LONDON — Britain's sterling currency tumbled to a fresh 31-year low against the dollar Monday as investors bet Britain's vote to leave the EU will trigger a Bank of England rate cut.
Billions of pounds were wiped off the value of British financial stocks, and analysts at several banks slashed their forecasts for the pound in the wake of Britain's vote on Thursday to leave the European Union.
Britain's 10-year government borrowing costs also sank below 1 percent for the first time ever.
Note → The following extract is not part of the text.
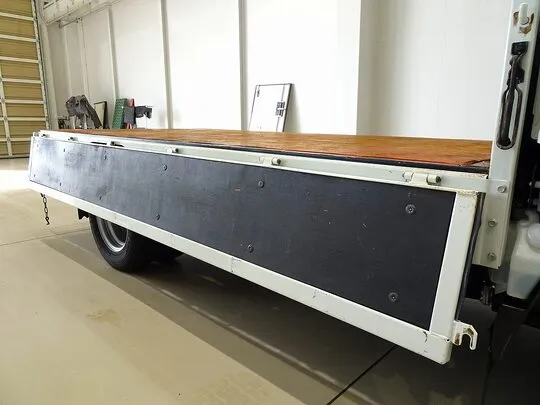 エルフ 2t FFL 標準 平ボデー 総重量5t未満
Finance minister George Osborne said on Monday the economy would have to face up to "an adjustment" as it dealt with the fallout of "Brexit." Against a backdrop of sliding share prices and an uncertain economic outlook, investors sold sterling and sought the safety of government bonds.
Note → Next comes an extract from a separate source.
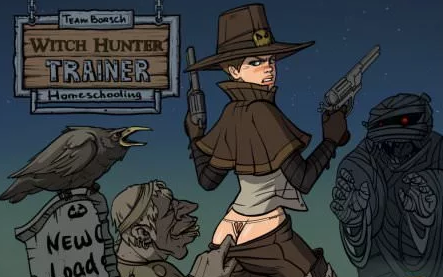 Witch Hunter Trainer Game Download for PC Android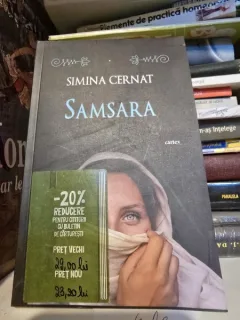 Samsara - Simina Cernat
Sterling shed more than 3 percent against the dollar to a fresh 31-year low of $1.3221, and the euro rose more than 2 percent to 83.25 pence, its highest in more than two years.
The pound's fall on Friday was the largest in modern history, reaching more than 10 percent against the dollar at one stage, and was also the largest decline since at least the 1970s on a trade-weighted basis.
Some, like Unicredit, reckon the pound will fall even further, perhaps as low as $1.20.
"The clear risk must be for further downside," said Neil Mellor, a currency strategist at Bank of New York Mellon in London. "Uncertainty equals currency weakness, we know this, and there is no sense that this (sterling) is a value trade right now and that you have to get back in. It is too early for anyone to start calling a bottom."
Analysts at RBC Capital Markets pointed to the history of past sell-offs as pointing the way towards $1.20-1.25 for the pound by the end of the third quarter of this year.